* Records for this exercise
☆ ☆ ☆ ☆ ☆
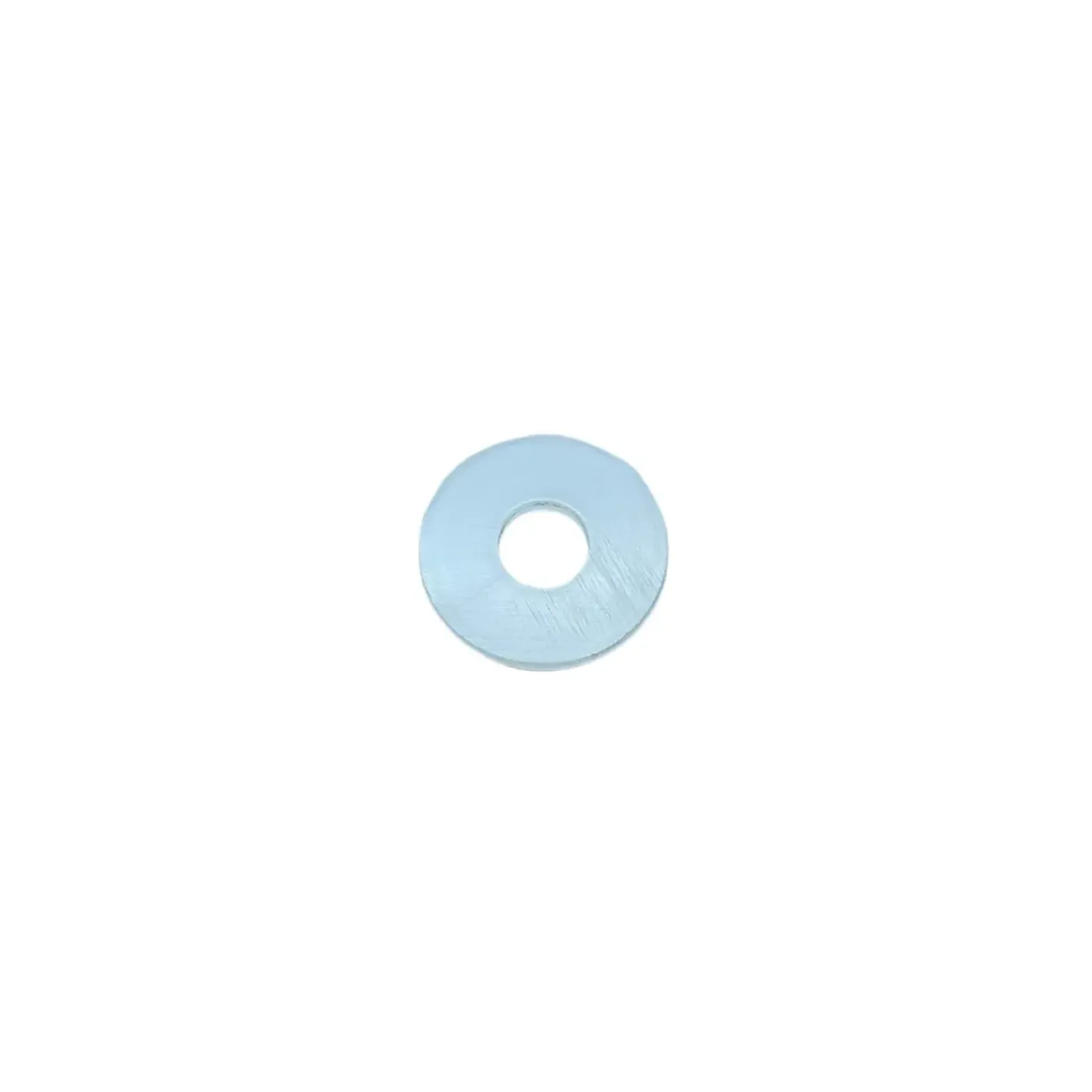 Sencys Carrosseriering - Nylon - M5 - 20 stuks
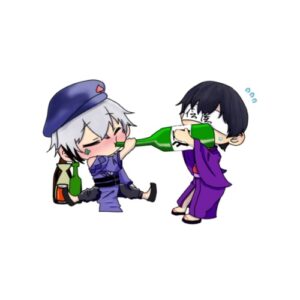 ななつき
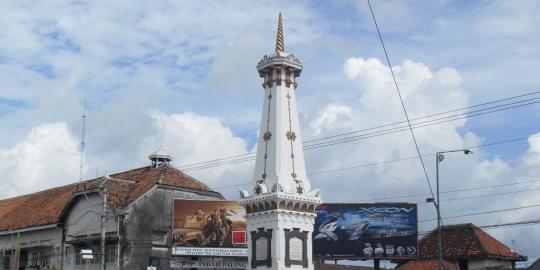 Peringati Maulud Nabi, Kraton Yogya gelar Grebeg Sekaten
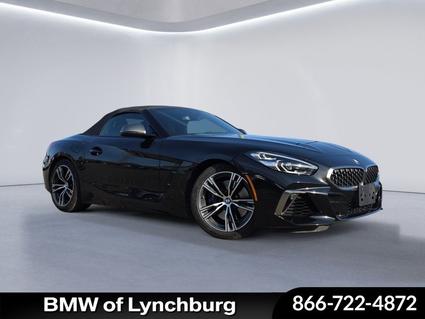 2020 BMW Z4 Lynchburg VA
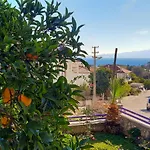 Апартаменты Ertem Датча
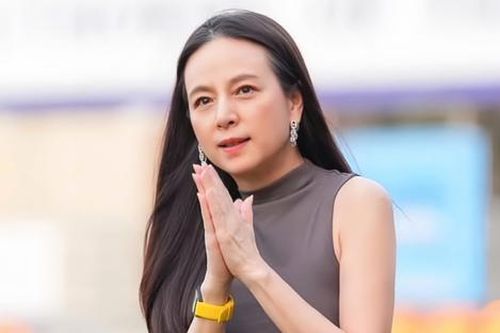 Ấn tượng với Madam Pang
☆ ☆ ☆ ☆ ☆
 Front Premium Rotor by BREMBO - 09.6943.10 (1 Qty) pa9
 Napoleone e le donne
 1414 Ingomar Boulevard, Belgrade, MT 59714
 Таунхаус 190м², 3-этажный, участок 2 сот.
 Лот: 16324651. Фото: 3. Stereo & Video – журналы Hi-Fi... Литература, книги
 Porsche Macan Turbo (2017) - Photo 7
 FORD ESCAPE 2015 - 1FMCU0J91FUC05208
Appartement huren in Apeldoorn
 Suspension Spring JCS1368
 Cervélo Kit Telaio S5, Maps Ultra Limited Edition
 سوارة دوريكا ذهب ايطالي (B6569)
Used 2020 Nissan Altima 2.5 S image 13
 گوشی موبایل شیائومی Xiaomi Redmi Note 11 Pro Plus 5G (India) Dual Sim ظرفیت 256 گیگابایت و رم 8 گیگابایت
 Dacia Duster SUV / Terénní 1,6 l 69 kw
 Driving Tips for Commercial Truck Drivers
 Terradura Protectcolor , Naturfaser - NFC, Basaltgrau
☆ ☆ ☆ ☆ ☆
Print the line above containing "Peringati Maulud Nabi, Kraton", the line containing "Ấn tượng với Madam Pang", and everything between them, exactly as written. Pictures stay out.

 Peringati Maulud Nabi, Kraton Yogya gelar Grebeg Sekaten
 2020 BMW Z4 Lynchburg VA
 Апартаменты Ertem Датча
 Ấn tượng với Madam Pang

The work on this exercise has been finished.